*Task brief*: Could you transcribe exactly the lines below, from the line with "cava-tantum-ergo-chardonnay-pinot-noir-brut-nature" through the line with "Psychomagie", and nothing else, leaving out the pictures?

(Pictures with short captions)
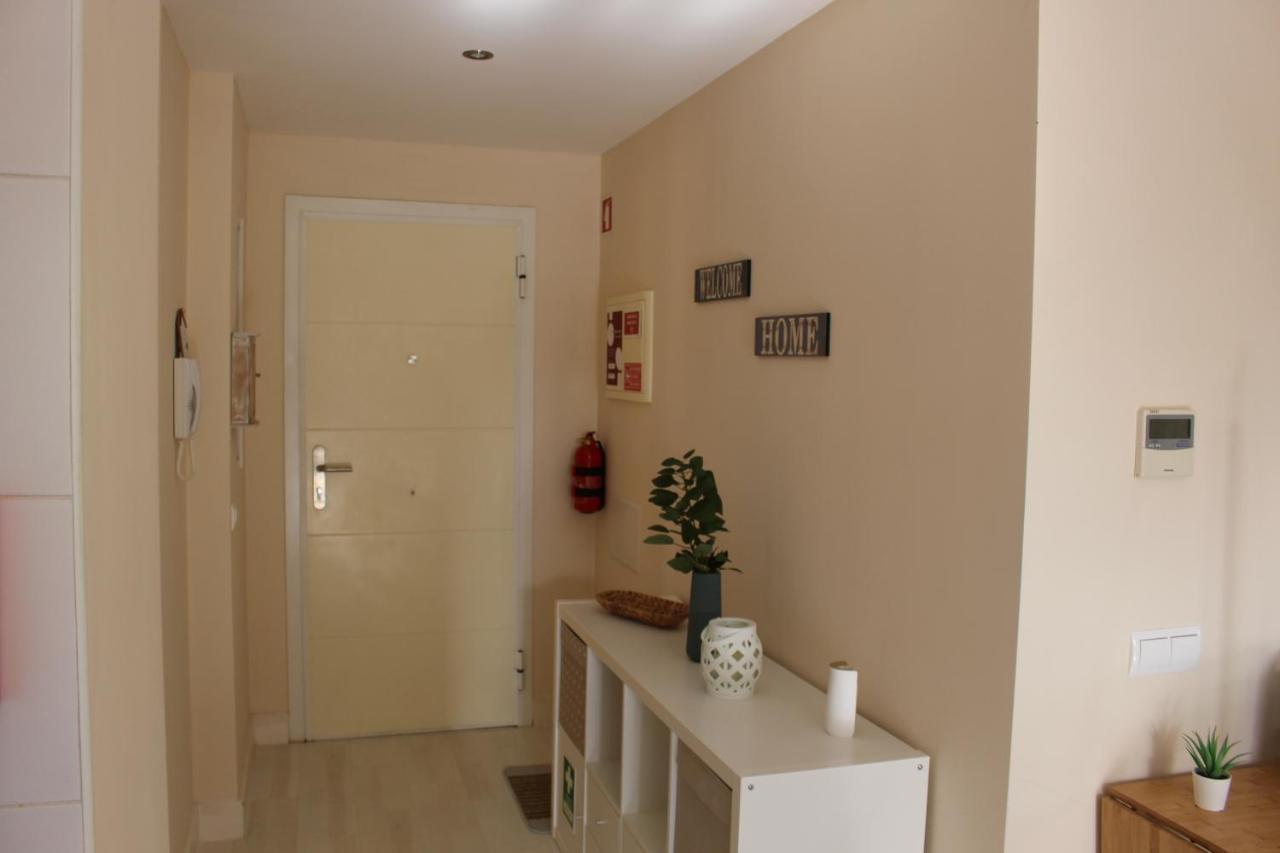 Harmony Apartment بورتيماو المظهر الخارجي الصورة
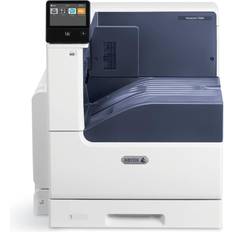 Xerox Photo Printers Xerox VersaLink C7000/DN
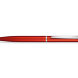 Шариковая ручка Online Event Red (OL 30318)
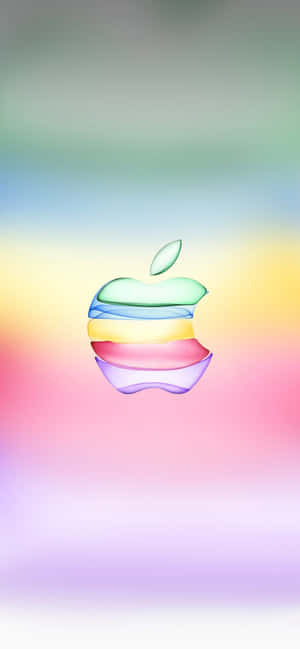 Fondo de iPhone 11 Pro Max — Galaxia F70 Pro Fondos de pantalla
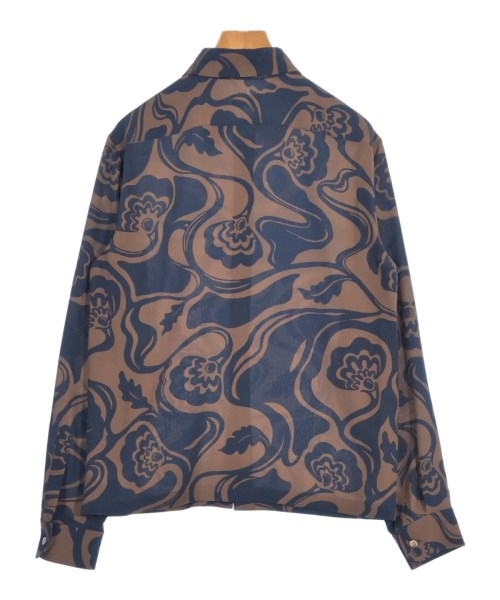 DRIES VAN NOTEN เสื้อสตรี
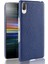 Sony Xperia L3 Telefon Kılıfı (Yurt Dışından) 1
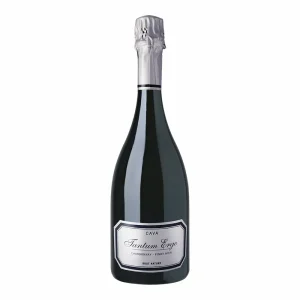 cava-tantum-ergo-chardonnay-pinot-noir-brut-nature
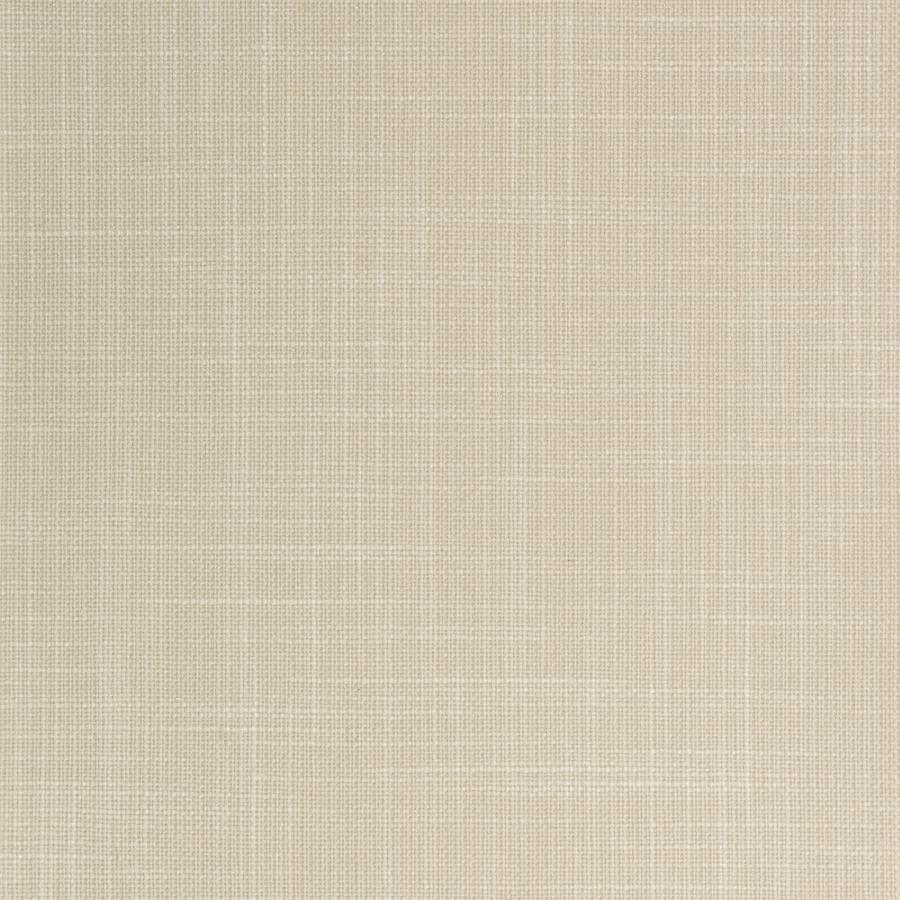 Purchase Wnk7116-Wt Incrociato, Feathered Linen - Winfield Thybony Wallpaper - Wnk7116.Wt.0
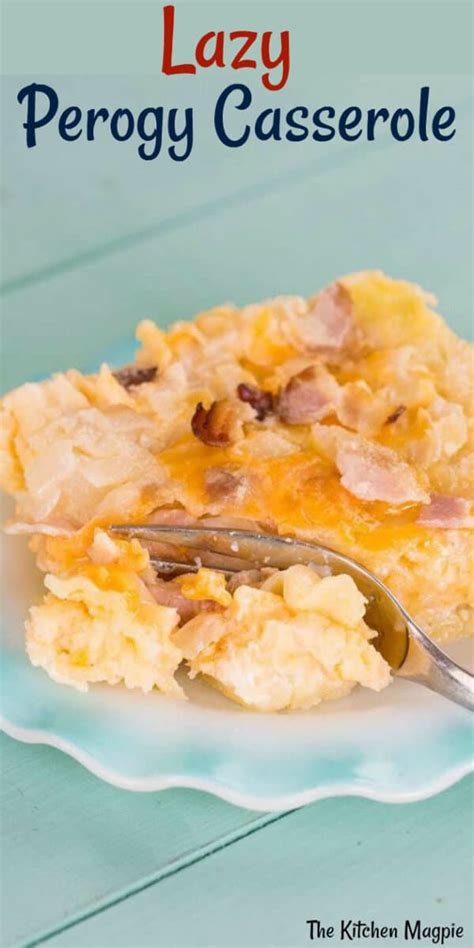 baked-lazy-perogy-casserole-the-kitchen-magpie image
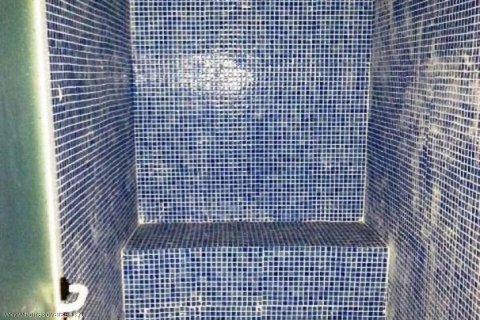 Daire 1+1 Mahmutlar, Antalya, Türkiye №113830 - 7
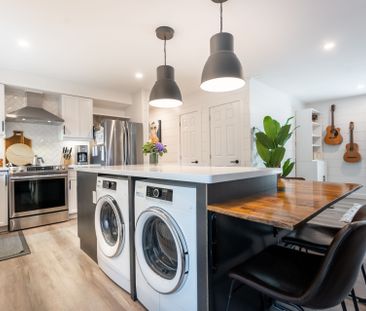 For Lease - 155 NAPIER Street, Barrie, Ontario - Photo 6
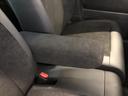 【車内写真】ほかに気になる箇所があれば、お気軽にお問い合わせください!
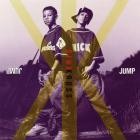 Kris Kross-Jump-30th Annversary Edition-16BIT-WEB-FLAC-2022-SHHHHHH
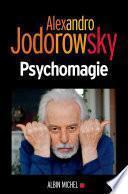 Psychomagie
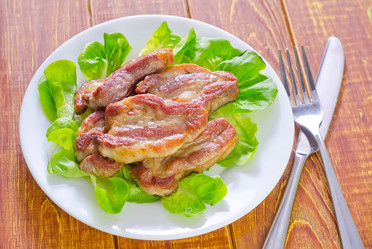 Similar image 9727067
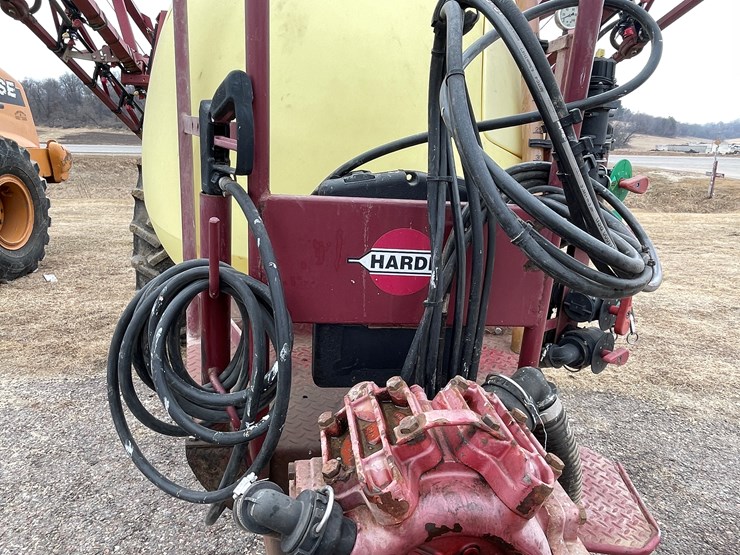 hardi-ranger-2200-image-16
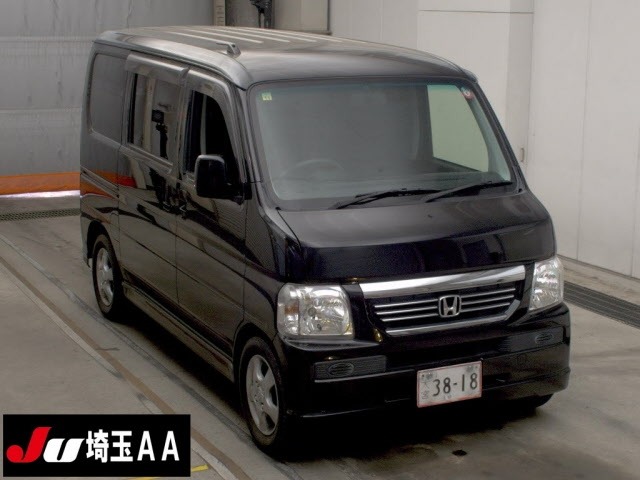 Honda VAMOS 2018 6879592-0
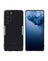 Nillkin Samsung Galaxy S21 Nature TPU Case - TechCrazy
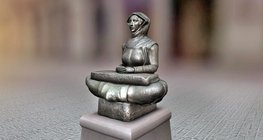 อีวาน เมชโทรวิช : ประวัติของโครเอเชีย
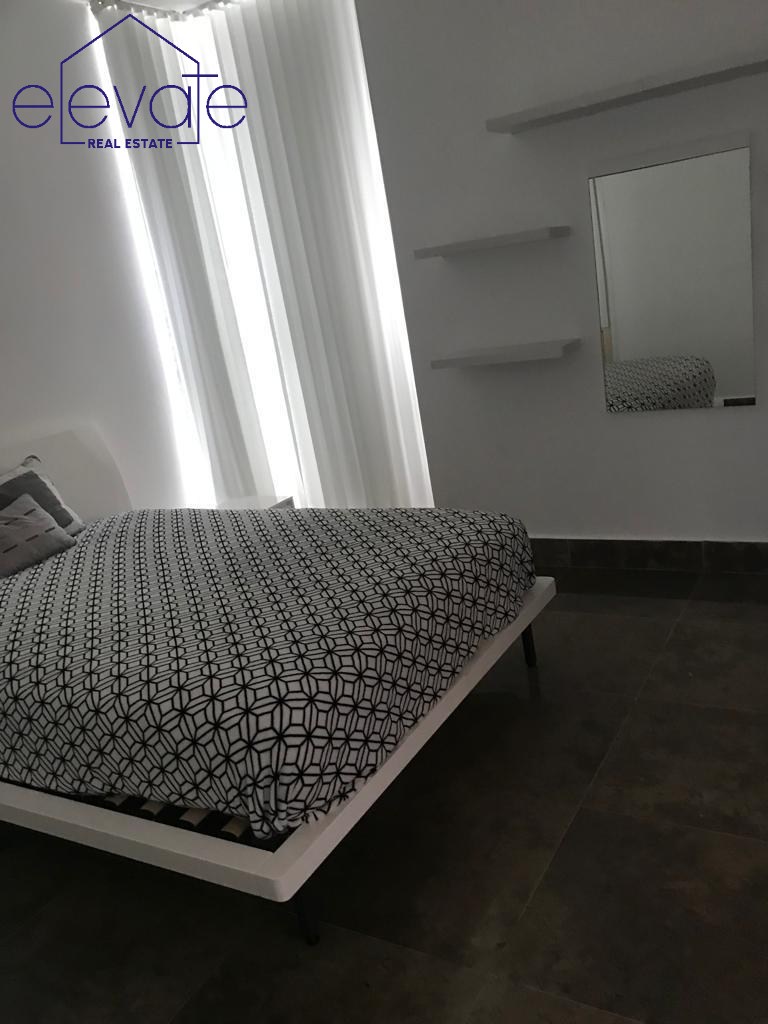 YOO - AVENIDA BALBOA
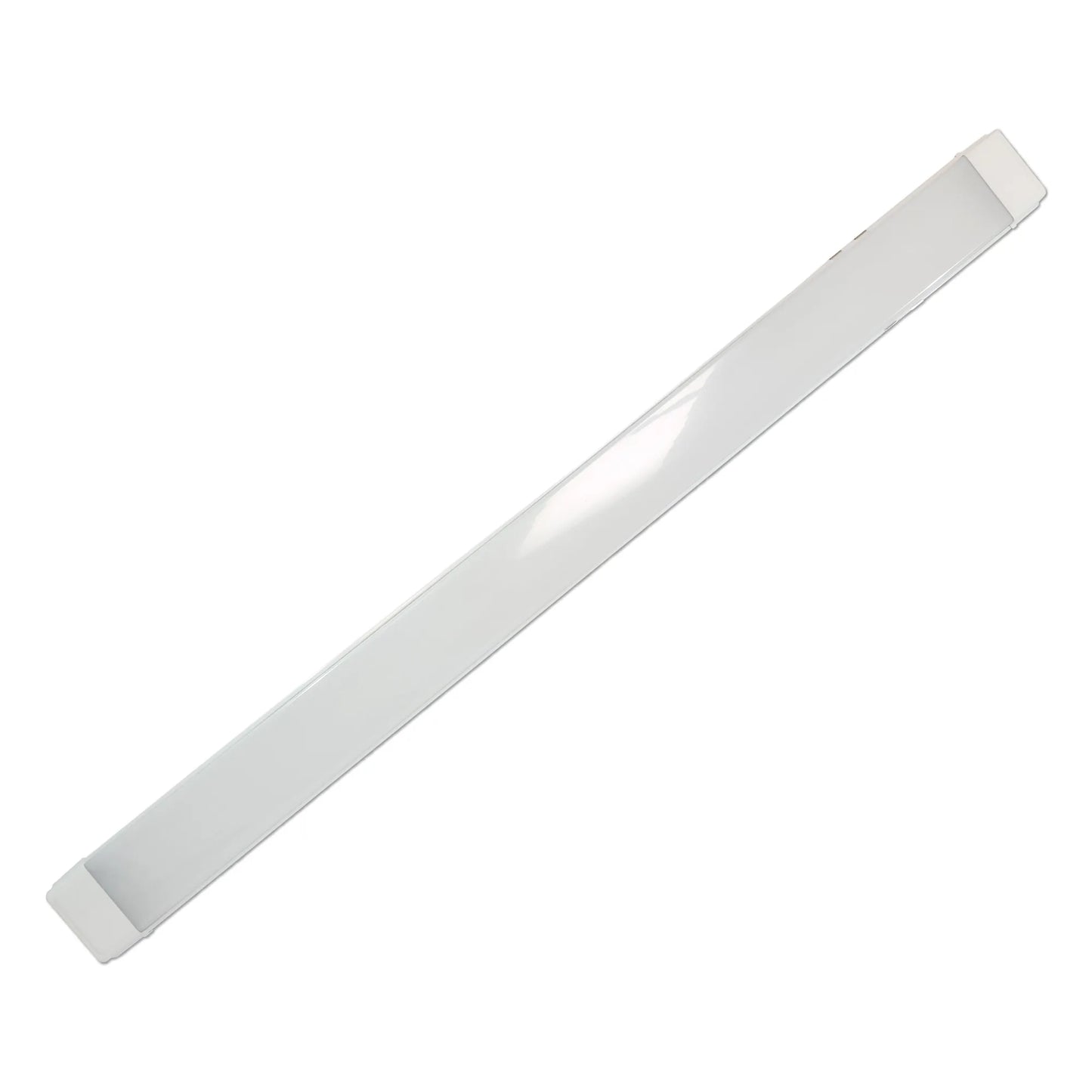 Lámpara LED de Alta Potencia 100W Elite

*Answer space*:
 cava-tantum-ergo-chardonnay-pinot-noir-brut-nature
 Purchase Wnk7116-Wt Incrociato, Feathered Linen - Winfield Thybony Wallpaper - Wnk7116.Wt.0
 baked-lazy-perogy-casserole-the-kitchen-magpie image
 Daire 1+1 Mahmutlar, Antalya, Türkiye №113830 - 7
 For Lease - 155 NAPIER Street, Barrie, Ontario - Photo 6
 【車内写真】ほかに気になる箇所があれば、お気軽にお問い合わせください!
 Kris Kross-Jump-30th Annversary Edition-16BIT-WEB-FLAC-2022-SHHHHHH
 Psychomagie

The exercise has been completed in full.